**Task to carry out**
All lines from the one containing "Samsunspor’dan coşkulu Avrupa kutlaması" through the end of the data below are to be repeated exactly, with pictures left out.

**Information shown**
Content starts

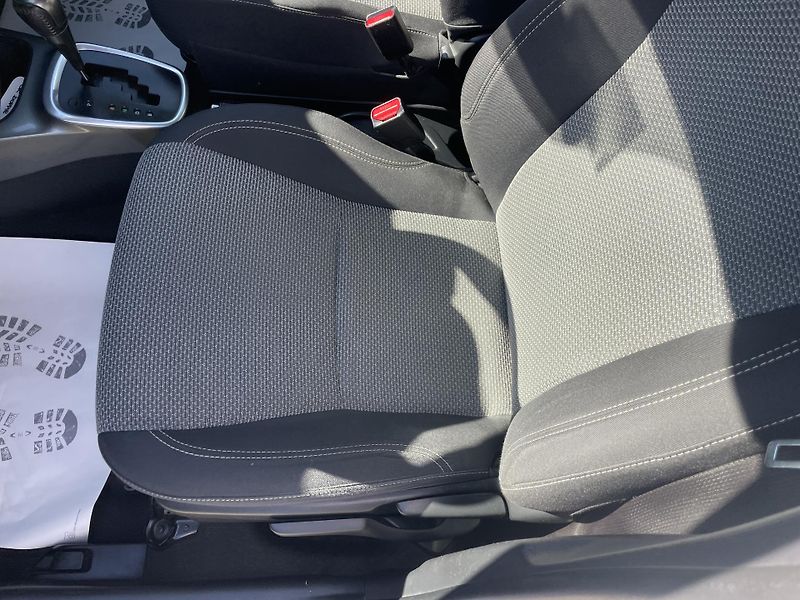 Toyota Yaris 1.5i 16v HYBRID 142TKM TOP 1A! - fotka 91 z 169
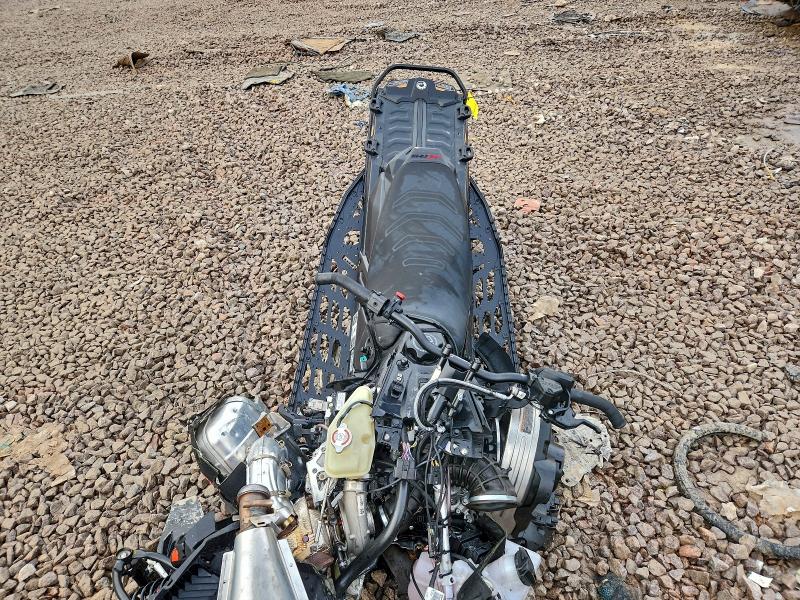 SKI-DOO SNOWMOBILE 2025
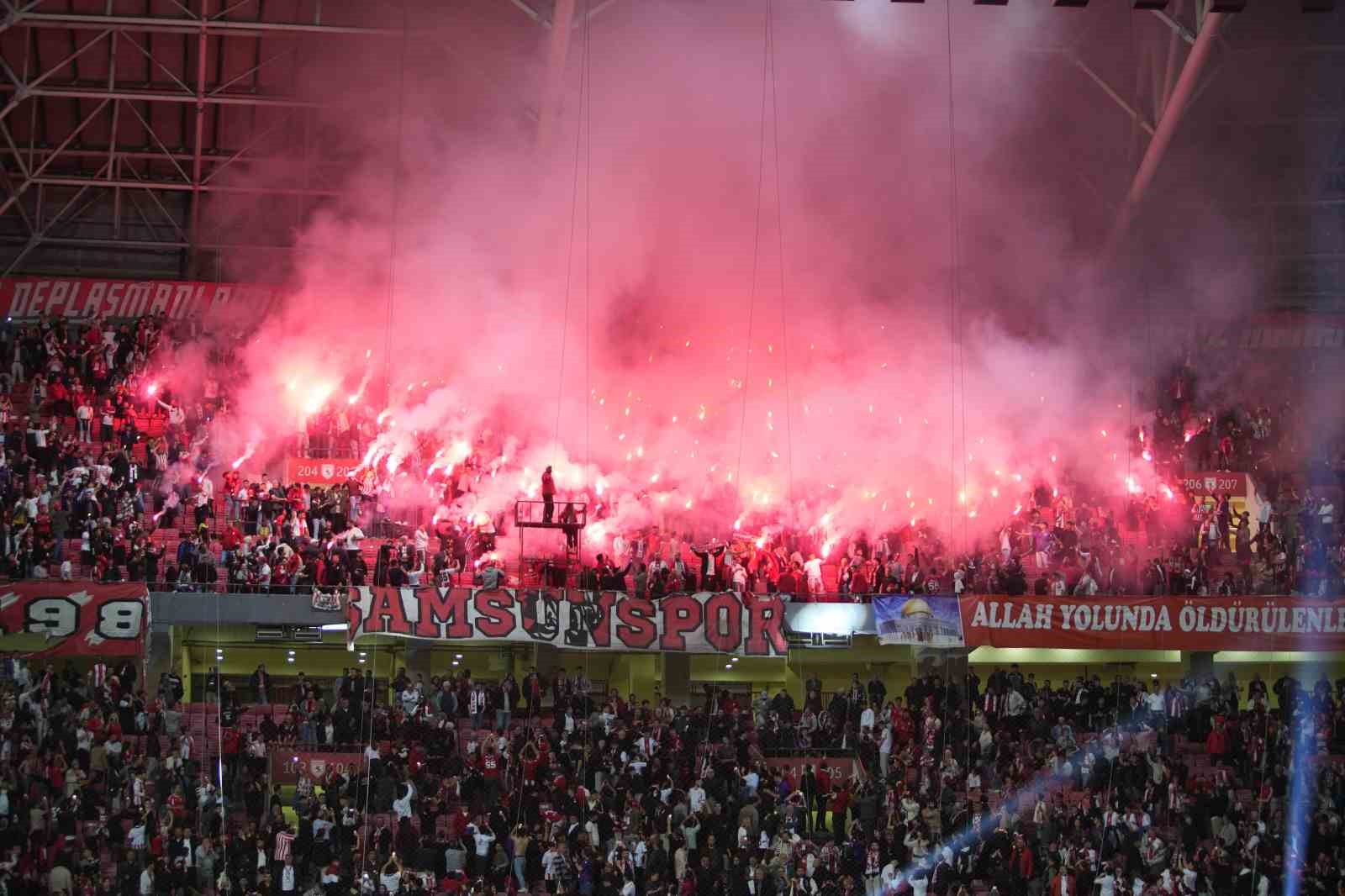 Samsunspor’dan coşkulu Avrupa kutlaması 
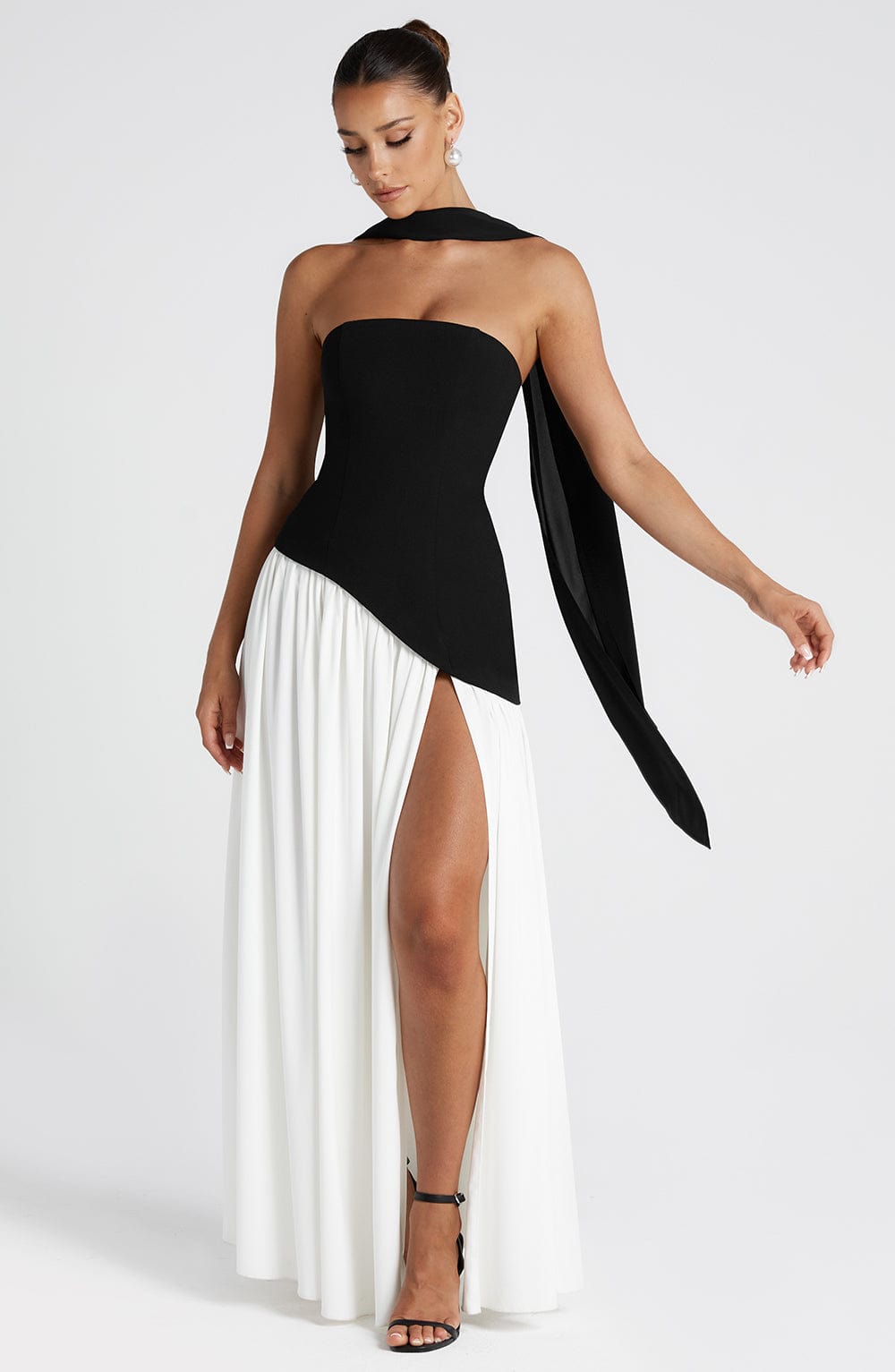 Tessa™ | Flowing and Graceful Dress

Content ends

**Result below**
 Samsunspor’dan coşkulu Avrupa kutlaması 
 Tessa™ | Flowing and Graceful Dress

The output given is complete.